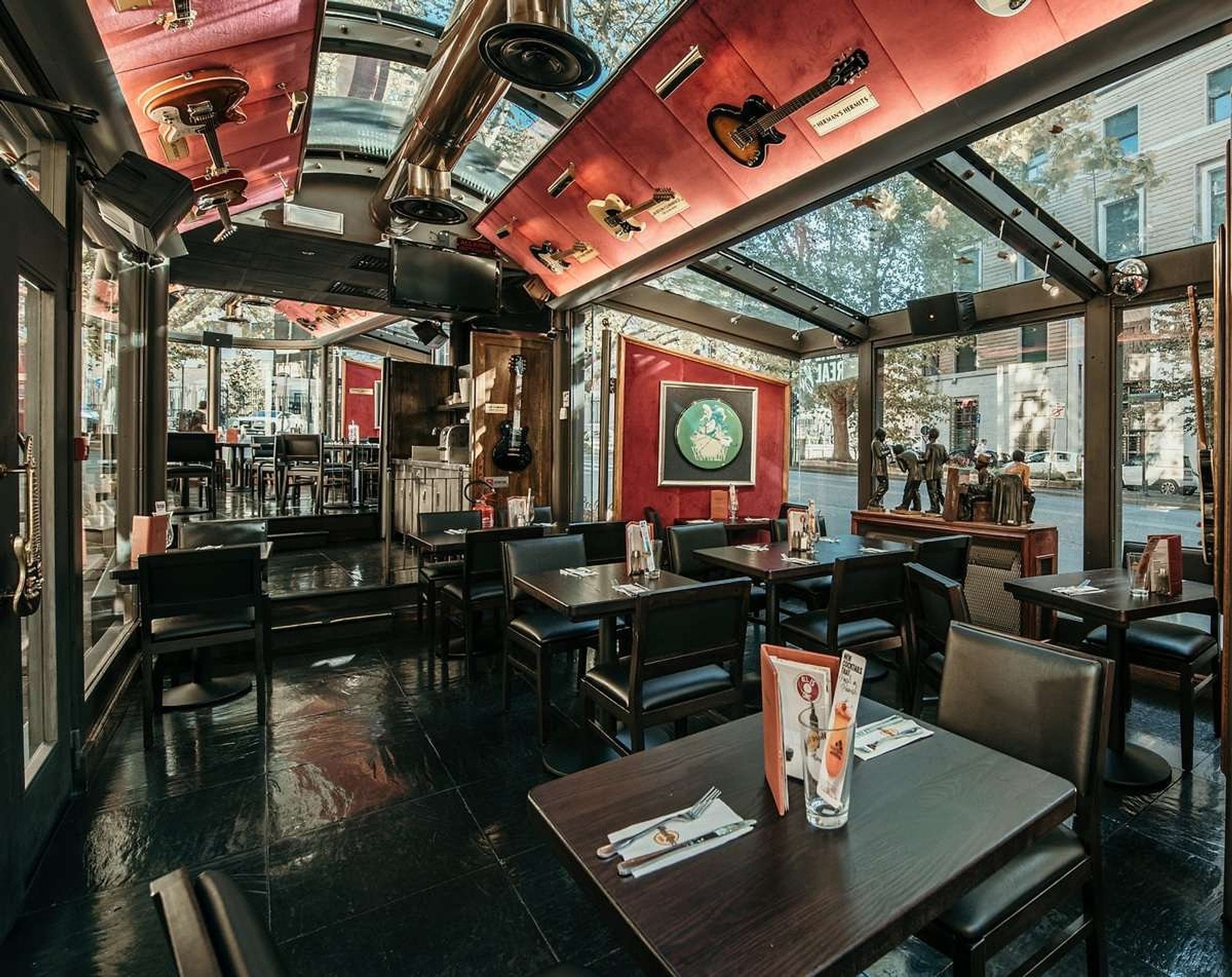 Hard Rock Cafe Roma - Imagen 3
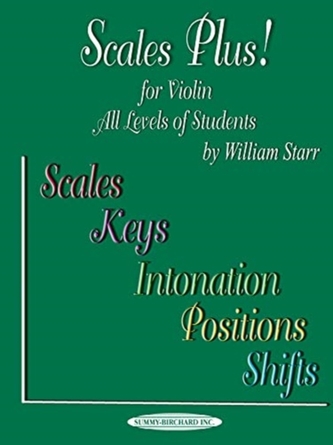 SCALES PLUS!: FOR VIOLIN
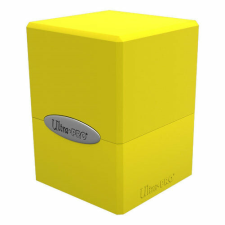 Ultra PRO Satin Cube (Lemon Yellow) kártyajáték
---
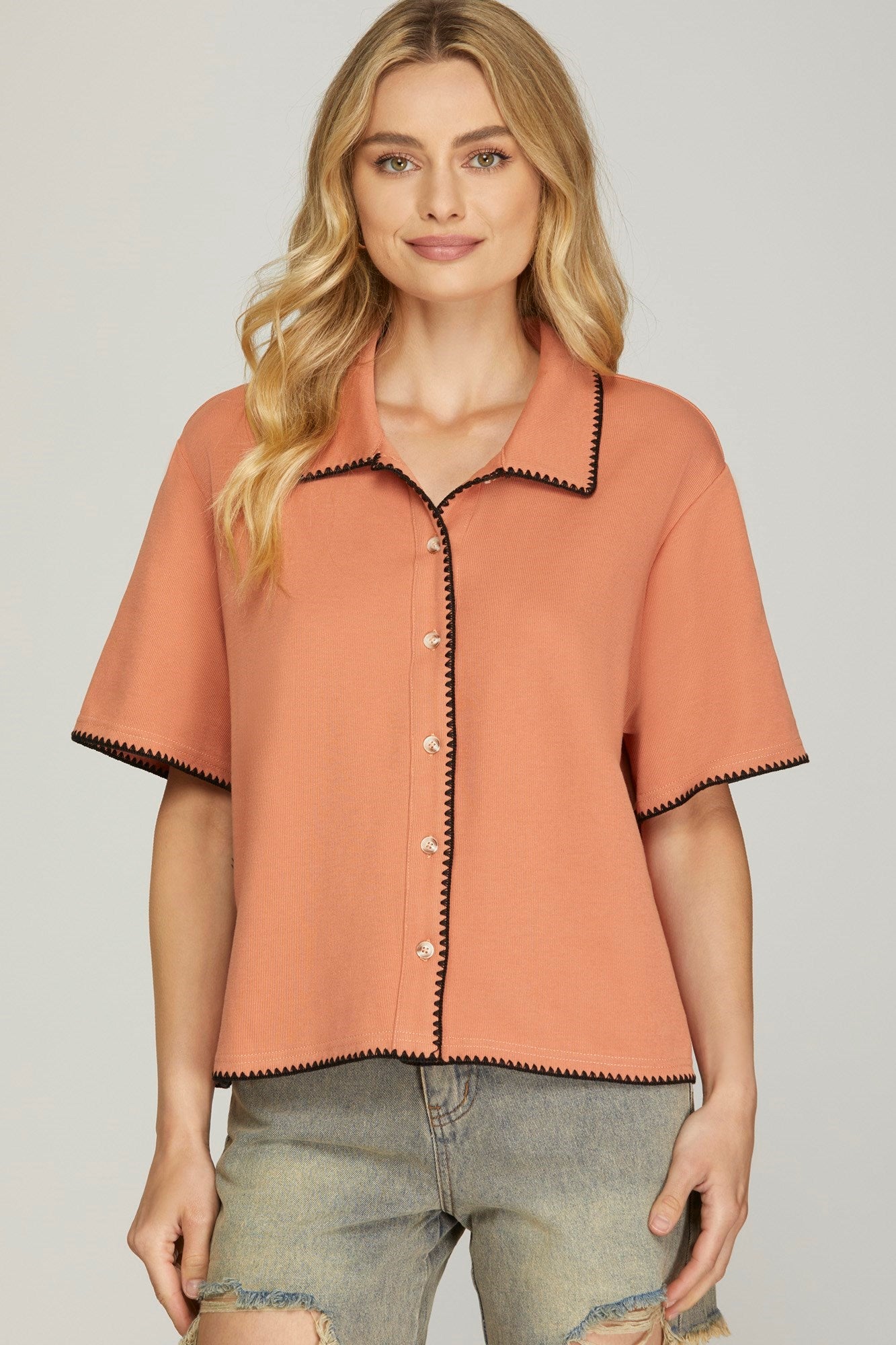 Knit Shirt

__TASK REQUIREMENTS__
Return the stretch of data that begins with the line showing "Hard Rock Cafe Roma - Imagen 3" and goes on through the line showing "Ultra PRO Satin", exactly, with pictures removed.

__PROBLEM SOLUTION__
 Hard Rock Cafe Roma - Imagen 3
 SCALES PLUS!: FOR VIOLIN
 Ultra PRO Satin Cube (Lemon Yellow) kártyajáték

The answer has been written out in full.